Although ⁶⁷Ga-citrate is a well-known and established SPECT radiotracer, its role in nuclear imaging has been decreasing. However, iron metabolism remains a focus in nuclear imaging research, with gallium (III) widely considered a surrogate for Fe (III). ⁶⁸Ga-citrate, a PET tracer with a 68-min half-life, allows for same-day imaging and produces a higher image quality than its ⁶⁷Ga counterpart (66,67). Nevertheless, its diagnostic value has been controversial. Although it has demonstrated high sensitivity in the diagnosis of diskitis and osteomyelitis (68), distinguished septic from aseptic inflammation in prosthetic joints (69), and differentiated active from inactive tuberculosis lesions (70), it failed to demonstrate an advantage over known modalities, such as labeled leukocytes and ¹⁸F-FDG PET, in animal models. Moreover, it showed inferiority to ⁶⁷Ga-citrate in 60 patients with suspected bone or joint infection or FUO (67).

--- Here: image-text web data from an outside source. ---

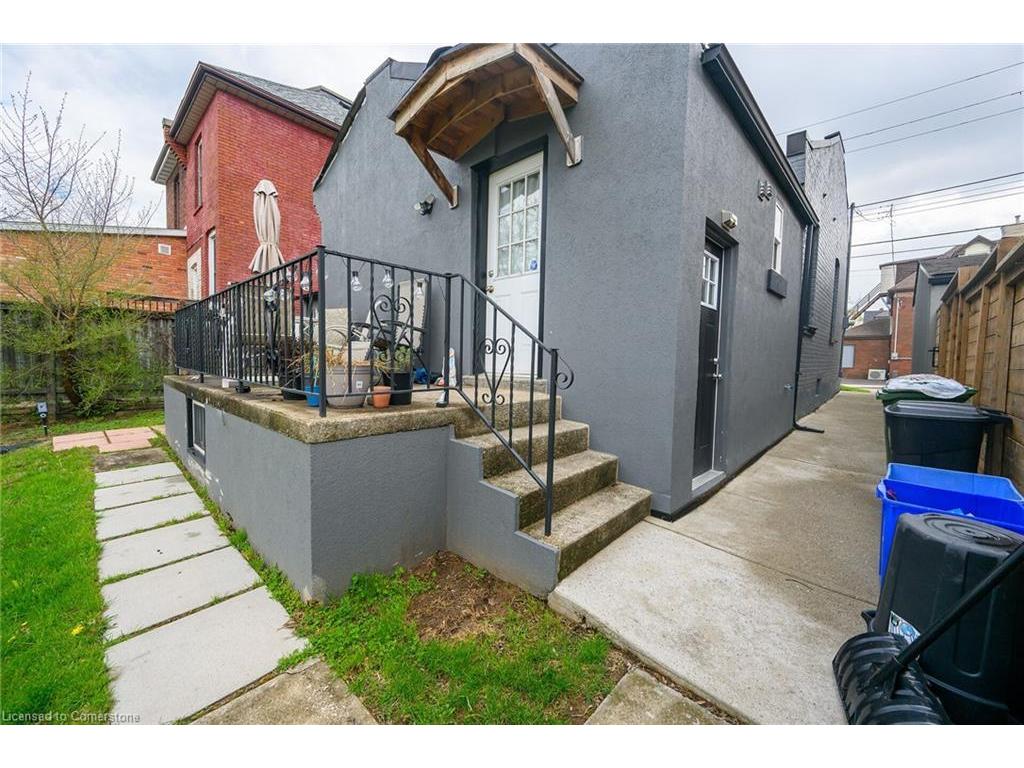 









129


Dundurn

Street North,
Hamilton,




ON
L8R 3E7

Siderophores, secreted iron chelators that are commonly used by both bacteria and fungi (48), have been extensively studied for bacteria- and fungus-specific detection. Petrik et al. have published several studies showing the potential of pathogen-specific siderophores for imaging studies. ⁶⁸Ga-triacetylfusarinine C and ⁶⁸Ga-ferrioxamine E were shown to be an effective tool for fungi imaging both in vitro and in vivo (71) and later, ⁶⁸Ga-pyoverdine-PAO1, a siderophore produced by P. aeruginosa, was shown to have an increased uptake in Pseudomonas-infected lung, showing an improved distribution compared with ¹⁸F-FDG and ⁶⁸Ga-citrate in animal models (72).

d-Amino Acids

Another approach targeting bacteria-specific structures uses substrates for the bacterial cell wall, in particular peptidoglycan. Since mammalian cells generally use l-amino acids as metabolic substrates, d-amino acids are thought to be more specific to bacterial metabolism. Moreover, the fast incorporation of d-amino acids into bacterial peptidoglycan in both gram-positive and gram-negative bacteria provides an appealing target for infection imaging. Neumann et al. showed a rapid accumulation of d-methyl-¹¹C-methionine in mice infected with E. coli and S. aureus without accumulation in the control sterile inflammation (36). Moreover, a recently published paper by Parker et al. showed a 3.5-fold higher accumulation of ¹¹C-d-ala in a mouse model of acute bacterial myositis compared with the sterile inflammation control, whereas ⁶⁸Ga-citrate showed only 2-fold higher accumulation in the same model. Furthermore, in a vertebral diskitis–osteomyelitis modal, ¹¹C-d-ala showed a 3.3-fold higher uptake than in adjacent disk spaces and a 1.8-fold uptake in P. aeruginosa pneumonia relative to normal lung (Figure 5C) (73).

CONCLUSION

The limitations of current nuclear imaging methods to detect bacterial infection have motivated numerous new approaches targeting bacteria-specific proteins and metabolic pathways. Although the radiotracers studied are relatively unproven, success in this area may revolutionize the management of infectious diseases in clinical practice.